--- Provided data ---

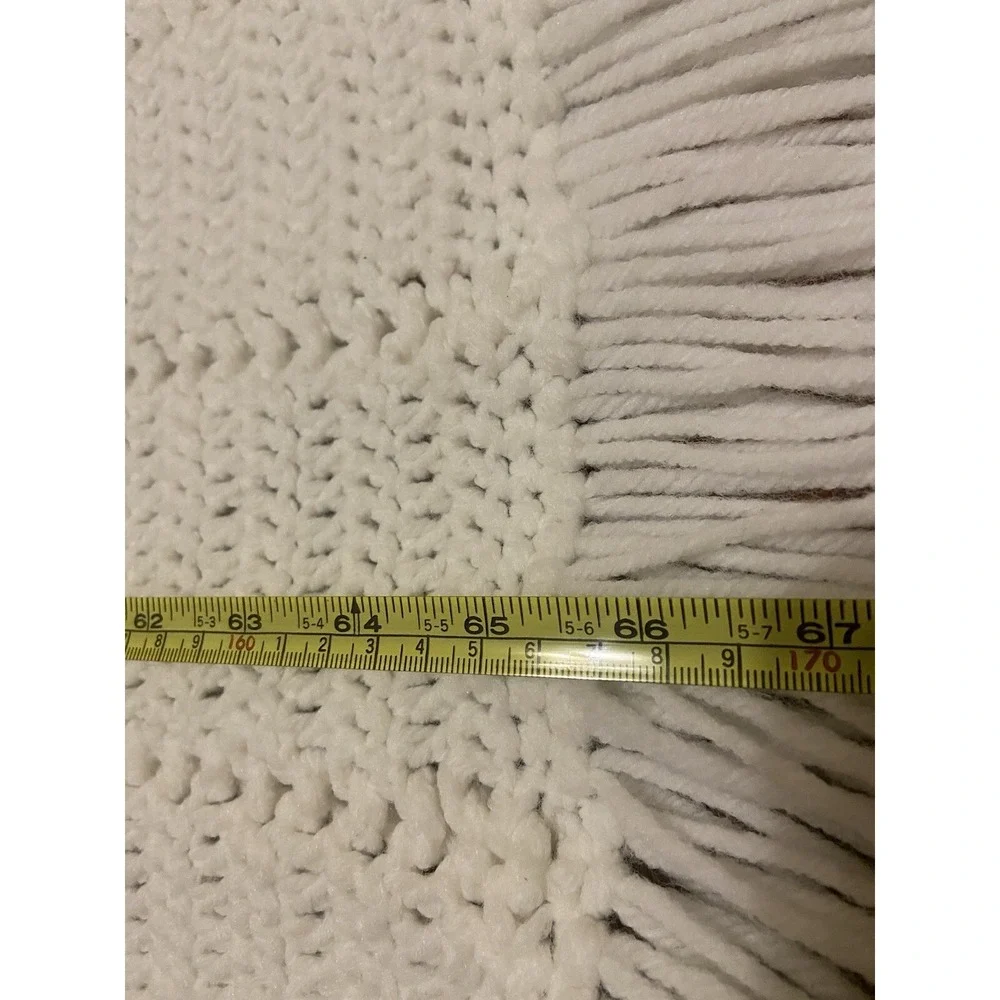 Crochet Knit Afghan Blanket Handmade Throw 38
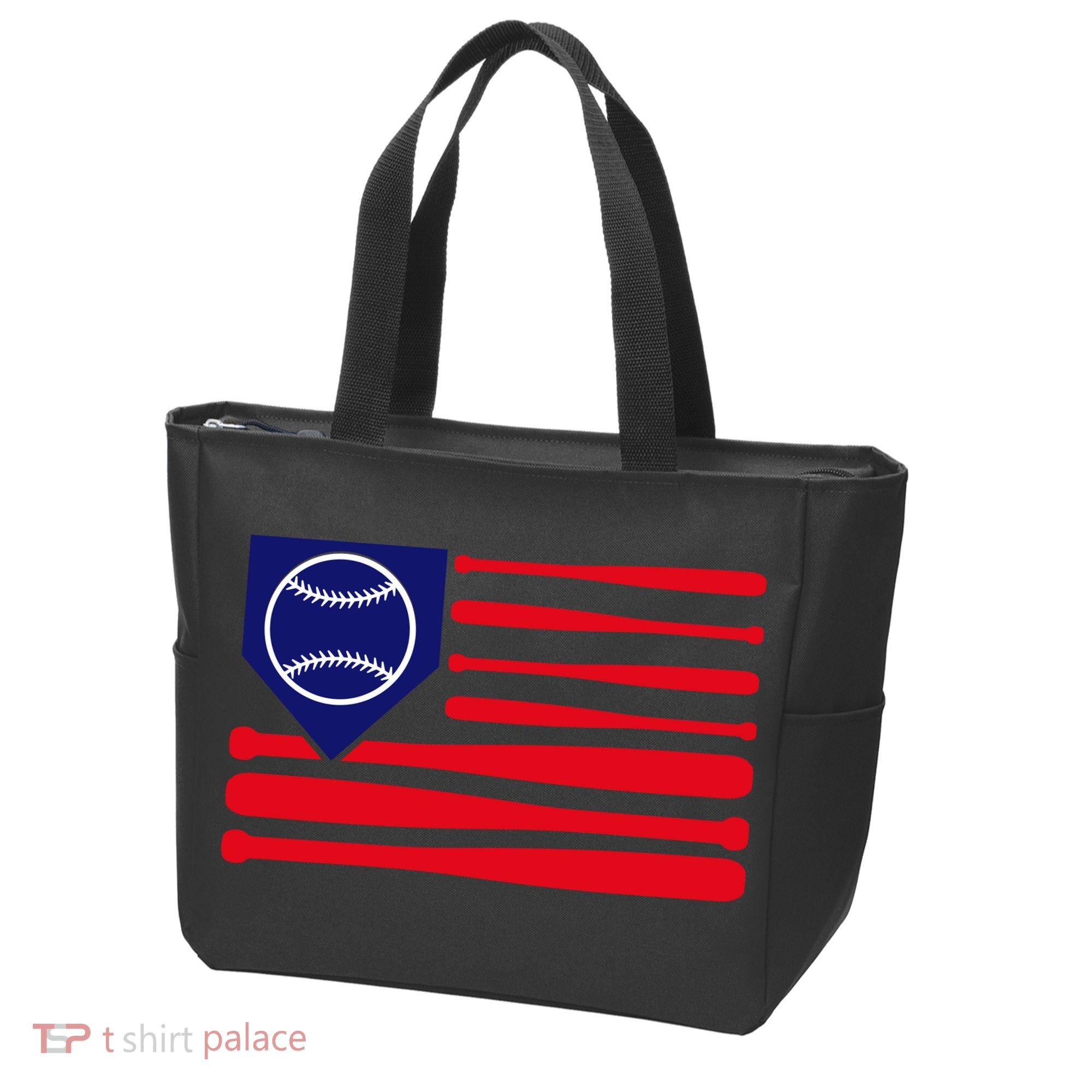 American League Baseball Flag Tote Bag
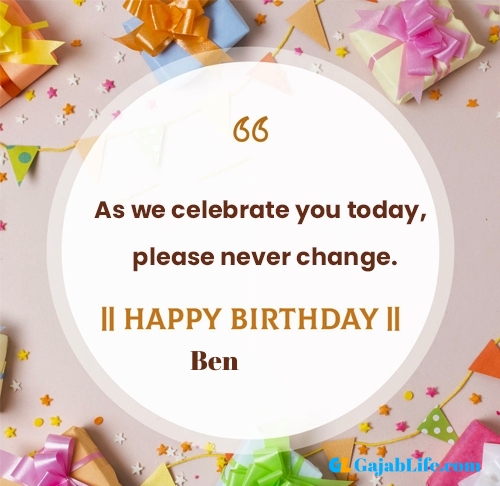Ben happy birthday free online card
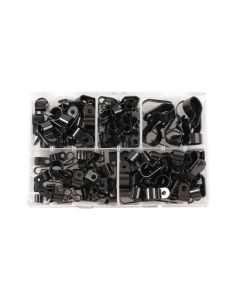 Assorted Nylon P Clips Box 160pc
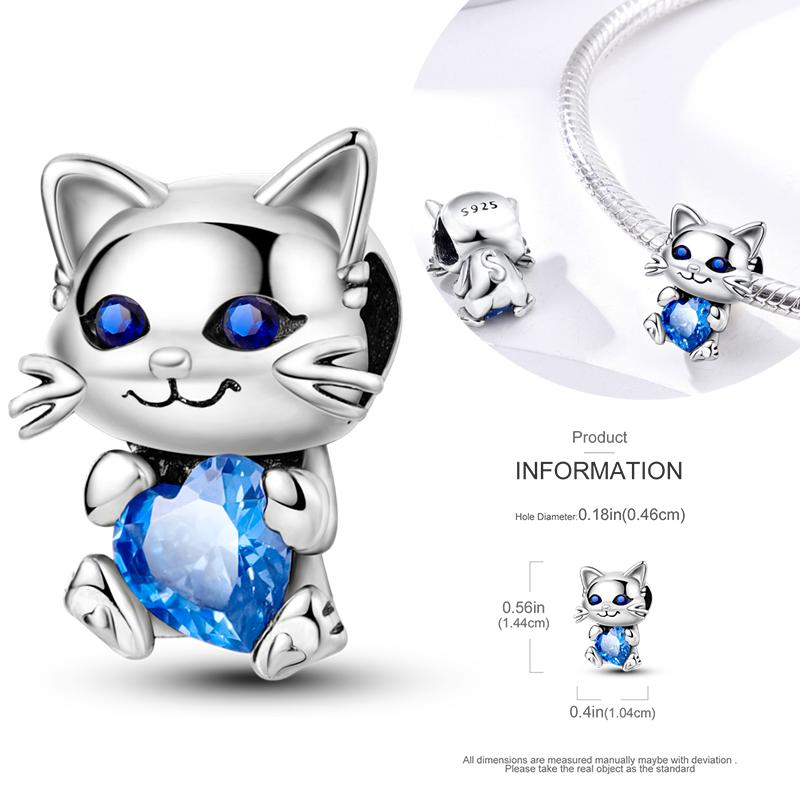 Copper Charms Beads Perfume Animal Butterfly Pendants Fit Original Bracelet Diy Jewelry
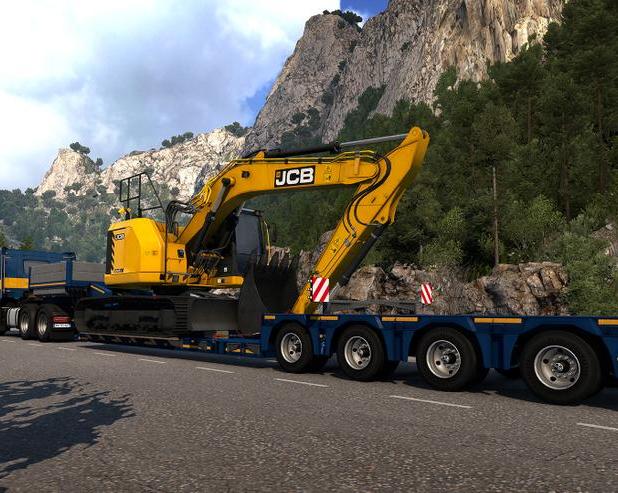 Для Euro Truck Simulator 2 вышло новое DLC с грузами от компании JCB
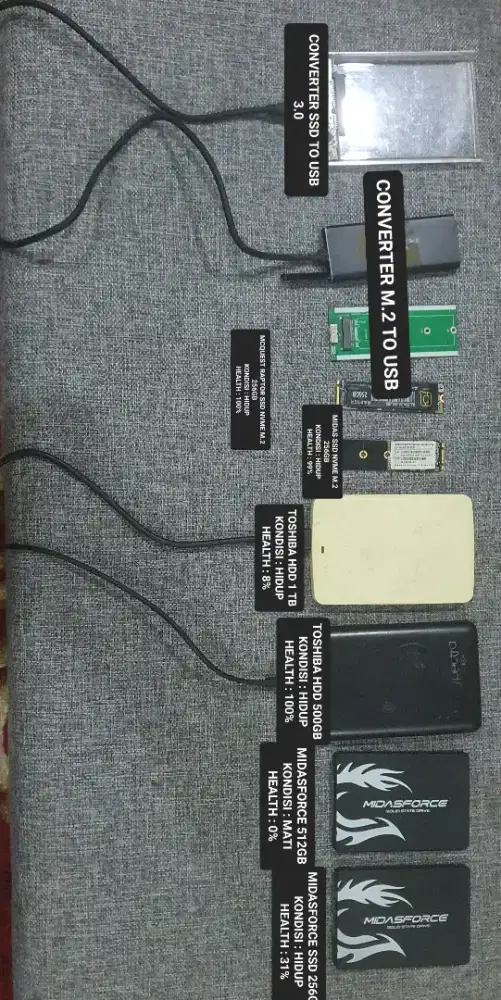 JUAL PAKET SSD & NVME (ALL IN TIDAK JUAL SATUAN)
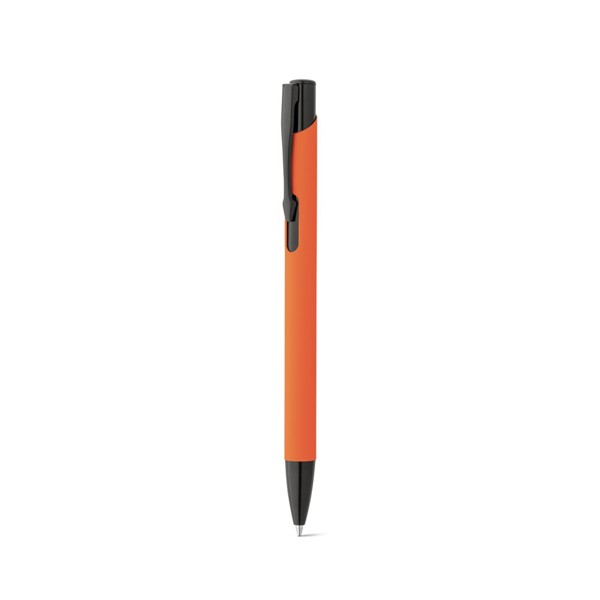 POPPINS. Soft touch aluminium ball pen - Orange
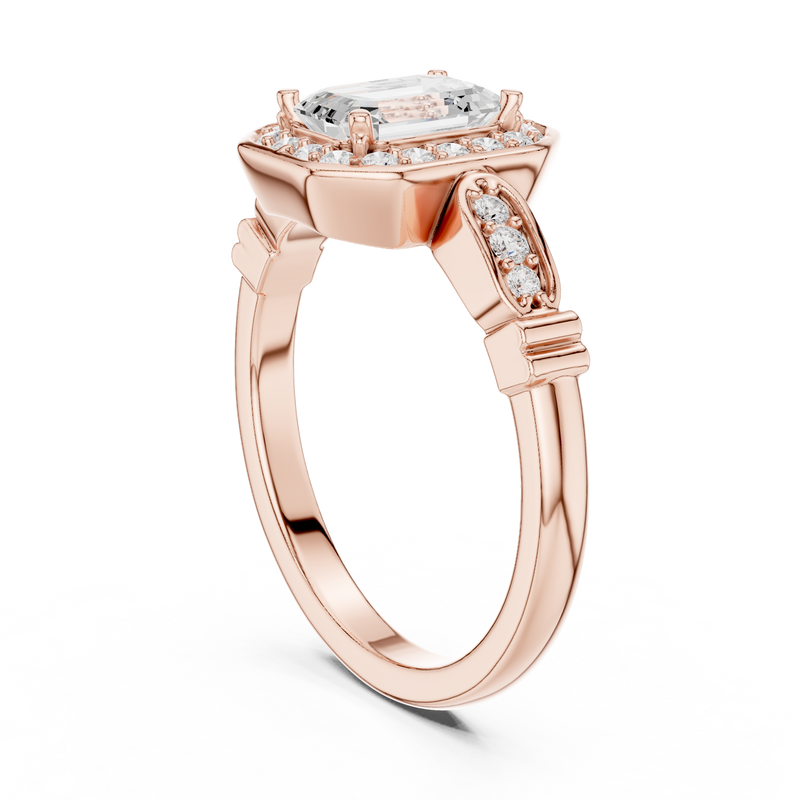 Ladies Ring LR-0270@7 - Rose Gold - Image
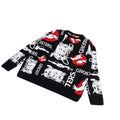 Black - Back - Ghostbusters Mens Proton Pack Knitted Sweater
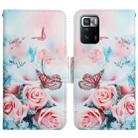For Xiaomi Redmi Note 10 Pro 5G Painted Pattern Flip Leather Phone Case(Peony Butterfly) - 1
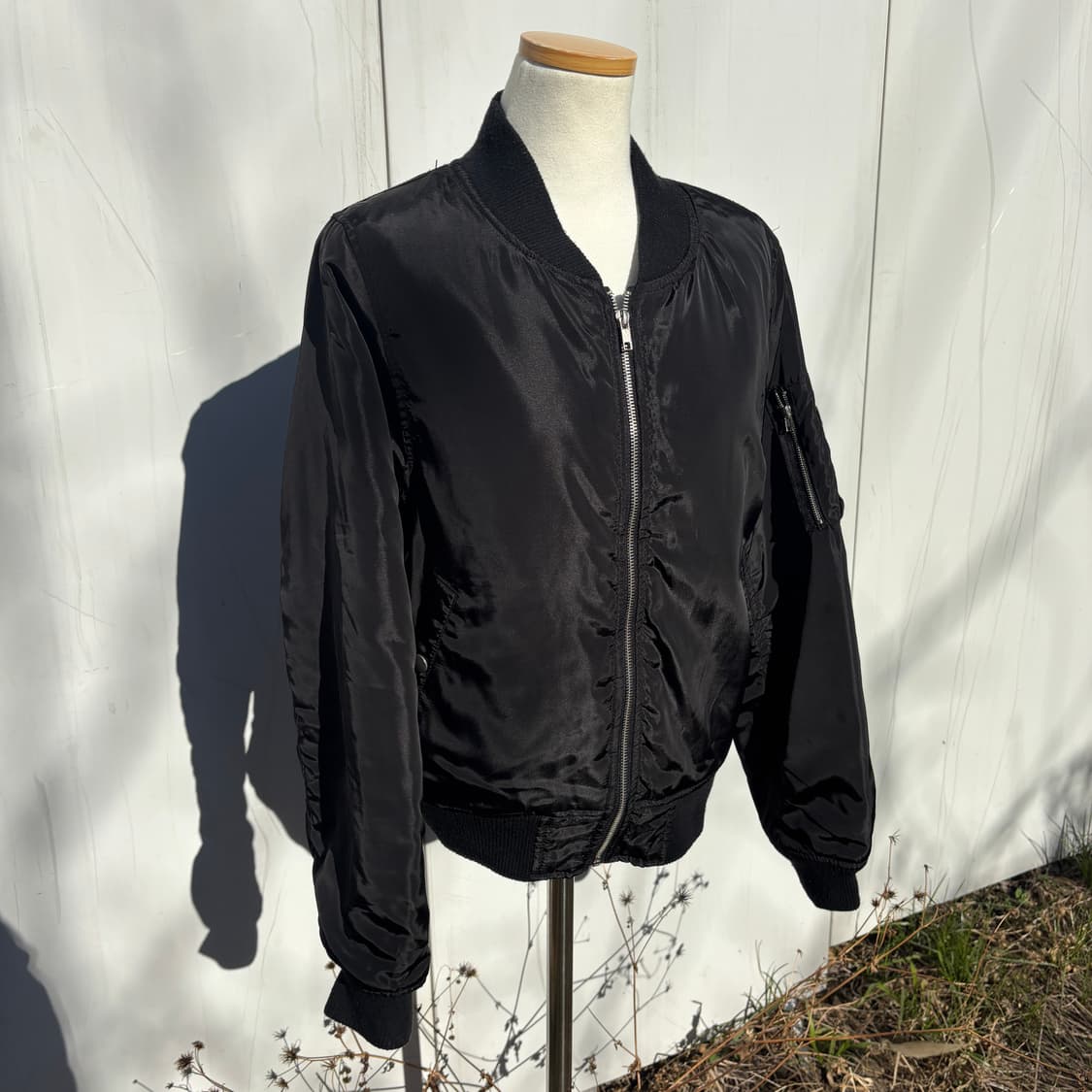 GYLE 가일 빈티지 블랙 MA-1 항공 점퍼 (M) 상품이미지2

---

# Exercise prompt
When copying from the data above, begin at the line containing "Copper Charms Beads" and end at the line containing "For Xiaomi Redmi"; return those lines exactly and leave all pictures behind.

# Answer area
 Copper Charms Beads Perfume Animal Butterfly Pendants Fit Original Bracelet Diy Jewelry
 Для Euro Truck Simulator 2 вышло новое DLC с грузами от компании JCB
 JUAL PAKET SSD & NVME (ALL IN TIDAK JUAL SATUAN)
 POPPINS. Soft touch aluminium ball pen - Orange
 Ladies Ring LR-0270@7 - Rose Gold - Image
 Black - Back - Ghostbusters Mens Proton Pack Knitted Sweater
For Xiaomi Redmi Note 10 Pro 5G Painted Pattern Flip Leather Phone Case(Peony Butterfly) - 1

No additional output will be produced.